* _Exercise requirements_
Each line in the material below, starting at the one with "gong - 2024-09-24T03:00:42" and ending at the one with "Poster Saudações de", is to be reproduced exactly; no picture is to be copied.

* _Provided information_
┌──
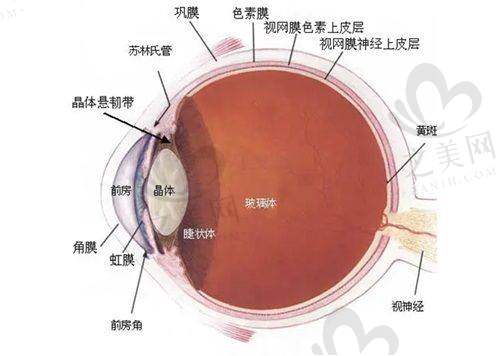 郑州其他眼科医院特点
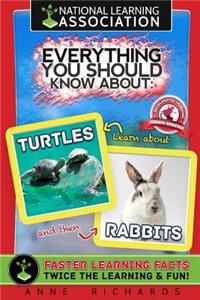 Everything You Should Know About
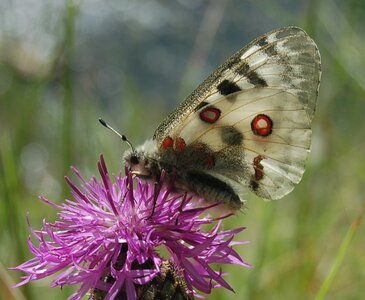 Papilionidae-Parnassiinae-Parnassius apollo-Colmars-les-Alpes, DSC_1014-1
└──
┌──
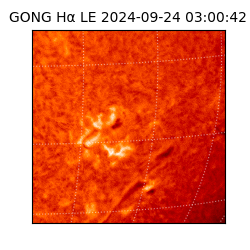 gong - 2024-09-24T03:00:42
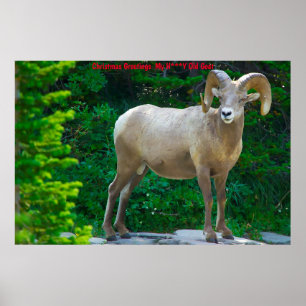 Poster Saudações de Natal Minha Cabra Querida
└──
* _Completed task_
 gong - 2024-09-24T03:00:42
 Poster Saudações de Natal Minha Cabra Querida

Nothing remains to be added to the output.